Following YOUR Dream or Denying Yourself To Follow Christ?

Why I’m Not Teaching My Children to Follow Their Dreams

“What if your daughter wanted to be an interior designer? Go to school and become a professional? I’m only asking what if. Would you push her to stay at home or to follow her dreams?”

I was asked this question during a topic about a woman’s calling to be a “keeper at home”.

I could write a book about all the ways a woman is free to “be all she can be” and still remain in the realm of helpmeet and keeper at home, about the glories of being freed from the slavery of someone else’s clock and schedule and agenda.

But before all of that, we must be grounded in the basic teaching of Scripture about the call of a Christian, which directly opposes the teaching of feminism.

Notice in the comment above…”follow her dreams?”

I can not find anything in Scripture that encourages us to “follow our dreams”. In fact, quite the contrary. My Bible says to “deny yourself and follow Me”. Oprah Winfrey says to “follow your dreams”.

Fundamental to all that we teach our children should be a denying of self, at all costs, and a “seeking first the kingdom of God”. Dying to live, seeking what is eternal, others before ourselves–that is the theme that weaves true Christianity. Have you read the story of Christians who lived in the catacombs? Such sacrificial living is so foreign to us we can’t even imagine it. The giving up, not only of “all our dreams”, but even the very security of life and the simple joys of daily sunshine pushed these Christians to live in unthinkable conditions. They understood “losing your life to save it”.

Now the irony is that if we desire obedience above all else, He will give us the desires of our heart. But obedience is paramount; not following my dreams.

(As an aside, since coming home to work full time for my family, my “dream” of becoming a writer has become a reality in ways I never could have planned on my own. I know He cares about our loves and gifts.)

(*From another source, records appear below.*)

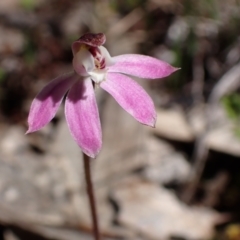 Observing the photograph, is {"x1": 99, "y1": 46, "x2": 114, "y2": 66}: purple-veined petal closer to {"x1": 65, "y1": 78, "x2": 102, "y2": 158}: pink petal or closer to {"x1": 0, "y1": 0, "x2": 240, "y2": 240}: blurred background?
{"x1": 65, "y1": 78, "x2": 102, "y2": 158}: pink petal

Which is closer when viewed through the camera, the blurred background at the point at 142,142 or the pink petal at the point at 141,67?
the pink petal at the point at 141,67

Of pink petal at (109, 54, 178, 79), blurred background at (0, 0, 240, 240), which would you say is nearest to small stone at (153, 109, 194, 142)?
blurred background at (0, 0, 240, 240)

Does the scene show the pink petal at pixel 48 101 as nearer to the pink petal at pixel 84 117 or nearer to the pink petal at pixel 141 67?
the pink petal at pixel 84 117

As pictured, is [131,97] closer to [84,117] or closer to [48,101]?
[84,117]

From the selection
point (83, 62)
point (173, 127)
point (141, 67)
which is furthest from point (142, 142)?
point (83, 62)

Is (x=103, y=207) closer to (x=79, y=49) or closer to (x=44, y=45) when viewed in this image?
(x=79, y=49)

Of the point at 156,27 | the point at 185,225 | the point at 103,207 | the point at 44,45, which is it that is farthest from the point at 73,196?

This is why man’s wisdom is so dangerous. It is most often driven by flesh–my dreams, my goals, my ambitions, my desires. Obedience requires faith to do what I cannot understand; to believe what may not make sense.

In my flesh, it may not seem reasonable to be a keeper at home. But if the Bible says that being a keeper at home keeps the Word of God from being blasphemed, then it is not my job to question the logic. I just have to obey in faith, and watch how mysteriously wonderfully God adds “all these things” unto me.

Am I teaching my children to follow their dreams?

No; I’m teaching them to follow Christ, in whom all their dreams will be fulfilled.

“For the kingdom to shine we must not seek to do great things but seek to die great deaths. We could be heroes, if just for one day.R.C. Sproul, Jr.